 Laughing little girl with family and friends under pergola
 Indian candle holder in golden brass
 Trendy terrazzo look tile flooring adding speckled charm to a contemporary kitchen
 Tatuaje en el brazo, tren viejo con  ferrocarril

#####

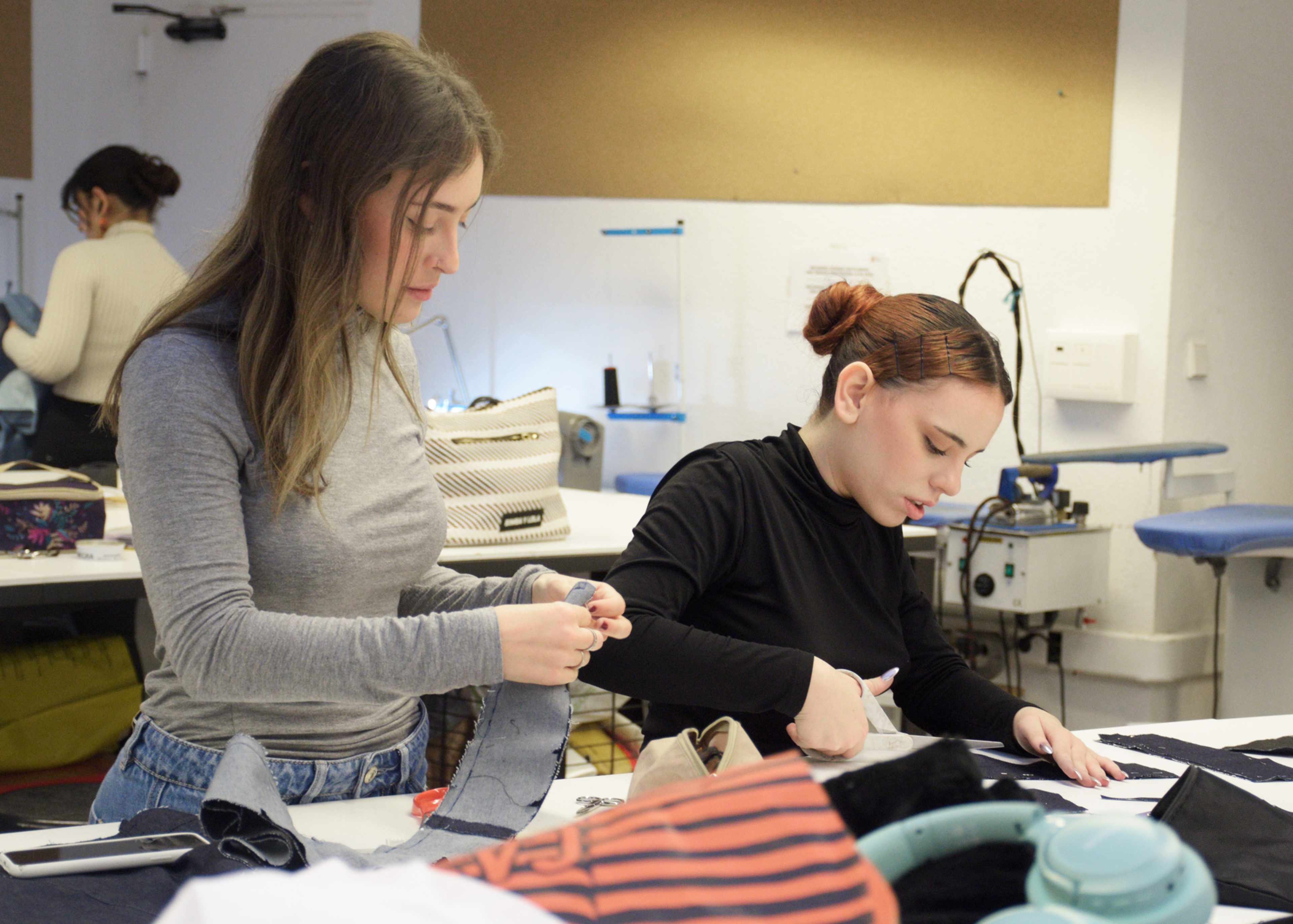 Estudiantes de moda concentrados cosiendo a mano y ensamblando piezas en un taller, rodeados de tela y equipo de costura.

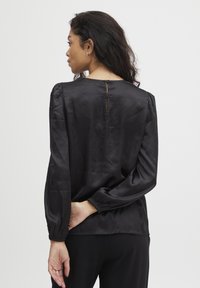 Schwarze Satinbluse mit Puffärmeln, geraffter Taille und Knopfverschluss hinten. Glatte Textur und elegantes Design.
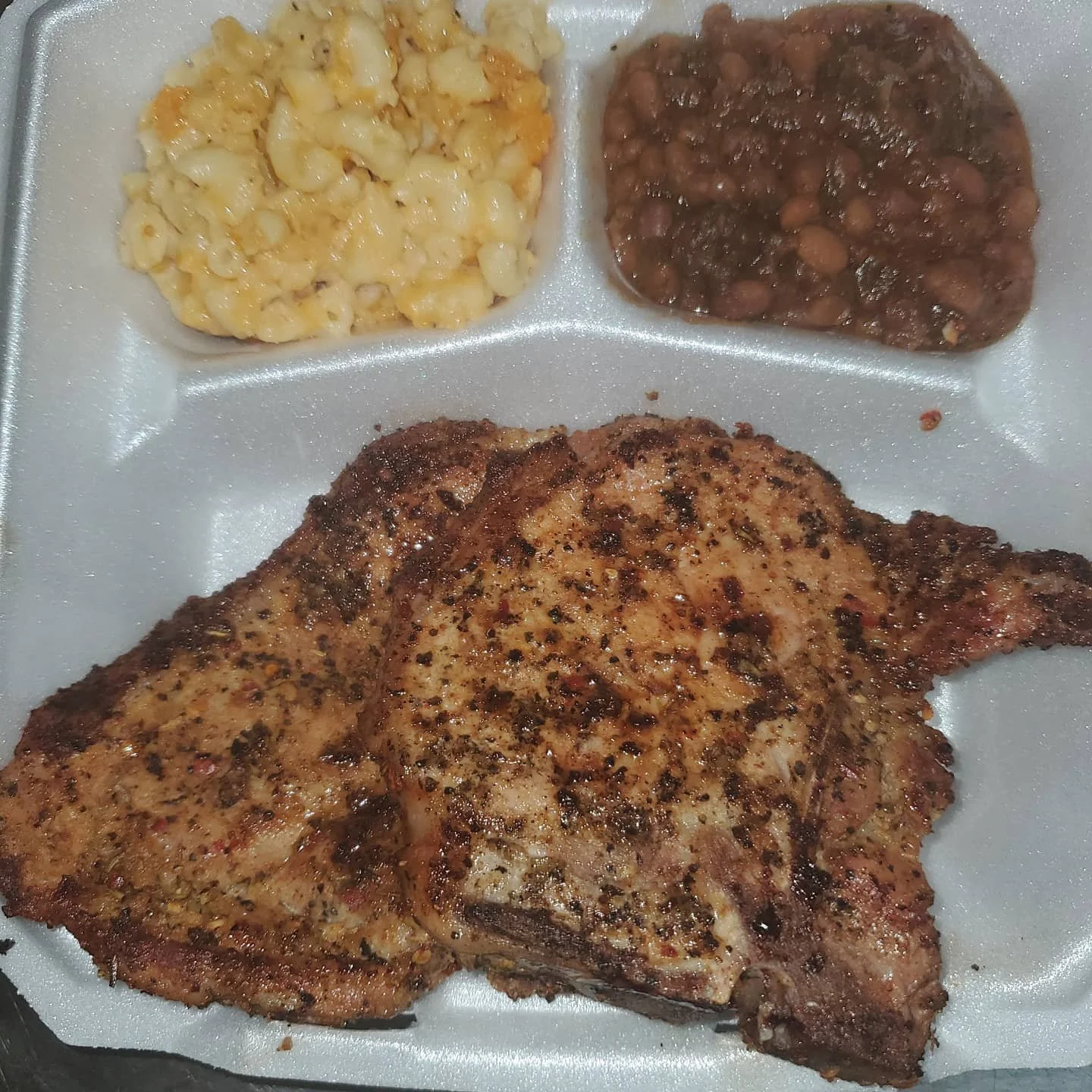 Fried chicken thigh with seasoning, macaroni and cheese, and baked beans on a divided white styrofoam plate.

#####

_Exercise goal_
As listed above, the lines from the line with "Trendy terrazzo look" to the line with "Tatuaje en el" are to be echoed exactly, with both ends included and nothing added.

_Task solution_
 Trendy terrazzo look tile flooring adding speckled charm to a contemporary kitchen
 Tatuaje en el brazo, tren viejo con  ferrocarril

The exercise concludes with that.